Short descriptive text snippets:
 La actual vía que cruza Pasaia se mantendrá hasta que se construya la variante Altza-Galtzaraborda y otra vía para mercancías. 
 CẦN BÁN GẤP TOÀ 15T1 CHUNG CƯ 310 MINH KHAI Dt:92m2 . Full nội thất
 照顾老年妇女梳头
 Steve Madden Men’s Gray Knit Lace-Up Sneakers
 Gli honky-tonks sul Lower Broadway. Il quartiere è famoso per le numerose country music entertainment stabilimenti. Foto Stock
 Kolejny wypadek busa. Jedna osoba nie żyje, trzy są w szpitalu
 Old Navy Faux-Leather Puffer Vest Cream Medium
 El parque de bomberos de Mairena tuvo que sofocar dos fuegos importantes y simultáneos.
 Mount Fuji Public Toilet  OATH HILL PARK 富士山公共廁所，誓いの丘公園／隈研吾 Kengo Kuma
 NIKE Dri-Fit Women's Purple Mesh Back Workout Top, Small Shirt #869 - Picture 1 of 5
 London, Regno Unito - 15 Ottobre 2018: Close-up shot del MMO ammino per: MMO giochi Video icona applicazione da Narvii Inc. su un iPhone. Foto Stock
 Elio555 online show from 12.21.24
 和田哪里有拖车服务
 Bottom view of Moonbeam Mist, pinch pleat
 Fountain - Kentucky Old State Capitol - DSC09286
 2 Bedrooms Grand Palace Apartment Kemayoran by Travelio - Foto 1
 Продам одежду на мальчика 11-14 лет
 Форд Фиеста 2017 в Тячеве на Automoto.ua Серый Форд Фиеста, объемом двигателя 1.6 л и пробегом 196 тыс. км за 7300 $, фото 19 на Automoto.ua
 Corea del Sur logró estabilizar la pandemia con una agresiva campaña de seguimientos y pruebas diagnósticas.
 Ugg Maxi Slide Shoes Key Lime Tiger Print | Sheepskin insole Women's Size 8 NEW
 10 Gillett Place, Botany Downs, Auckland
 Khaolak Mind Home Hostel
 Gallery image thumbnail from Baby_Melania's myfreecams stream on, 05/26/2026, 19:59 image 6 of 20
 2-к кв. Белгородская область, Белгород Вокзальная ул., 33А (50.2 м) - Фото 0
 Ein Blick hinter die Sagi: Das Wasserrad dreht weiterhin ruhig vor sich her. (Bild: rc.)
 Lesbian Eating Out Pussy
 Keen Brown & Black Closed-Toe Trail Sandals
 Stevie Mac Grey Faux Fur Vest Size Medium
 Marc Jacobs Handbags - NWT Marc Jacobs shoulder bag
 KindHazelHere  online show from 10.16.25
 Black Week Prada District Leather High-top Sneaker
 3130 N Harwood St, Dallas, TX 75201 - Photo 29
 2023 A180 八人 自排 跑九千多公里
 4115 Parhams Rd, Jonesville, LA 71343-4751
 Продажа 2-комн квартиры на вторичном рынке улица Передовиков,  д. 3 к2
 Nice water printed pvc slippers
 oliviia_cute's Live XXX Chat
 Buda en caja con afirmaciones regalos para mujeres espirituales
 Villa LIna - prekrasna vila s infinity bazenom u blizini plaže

WORK TO COMPLETE: Starting at the first line of the records above, please copy each line exactly until you reach the line containing "Steve Madden Men’s". Include that line and stop there.

RESPONSE FOR THIS EXERCISE:
 La actual vía que cruza Pasaia se mantendrá hasta que se construya la variante Altza-Galtzaraborda y otra vía para mercancías. 
 CẦN BÁN GẤP TOÀ 15T1 CHUNG CƯ 310 MINH KHAI Dt:92m2 . Full nội thất
 照顾老年妇女梳头
 Steve Madden Men’s Gray Knit Lace-Up Sneakers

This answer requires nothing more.